• **EXERCISE DIRECTIONS**:
From the line containing "Remco Evenepoel Taklukkan" to the last line of the records, reproduce every line exactly and print nothing else.

• **INFORMATION SHOWN**:
────

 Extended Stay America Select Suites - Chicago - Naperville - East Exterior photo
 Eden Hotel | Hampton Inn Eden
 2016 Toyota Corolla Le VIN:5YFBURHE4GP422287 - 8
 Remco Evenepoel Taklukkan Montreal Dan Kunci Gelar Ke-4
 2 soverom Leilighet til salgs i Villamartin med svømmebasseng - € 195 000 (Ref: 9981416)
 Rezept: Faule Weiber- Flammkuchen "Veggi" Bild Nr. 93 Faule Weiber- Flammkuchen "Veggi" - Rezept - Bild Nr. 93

────

• **EXERCISE OUTPUT**:
 Remco Evenepoel Taklukkan Montreal Dan Kunci Gelar Ke-4
 2 soverom Leilighet til salgs i Villamartin med svømmebasseng - € 195 000 (Ref: 9981416)
 Rezept: Faule Weiber- Flammkuchen "Veggi" Bild Nr. 93 Faule Weiber- Flammkuchen "Veggi" - Rezept - Bild Nr. 93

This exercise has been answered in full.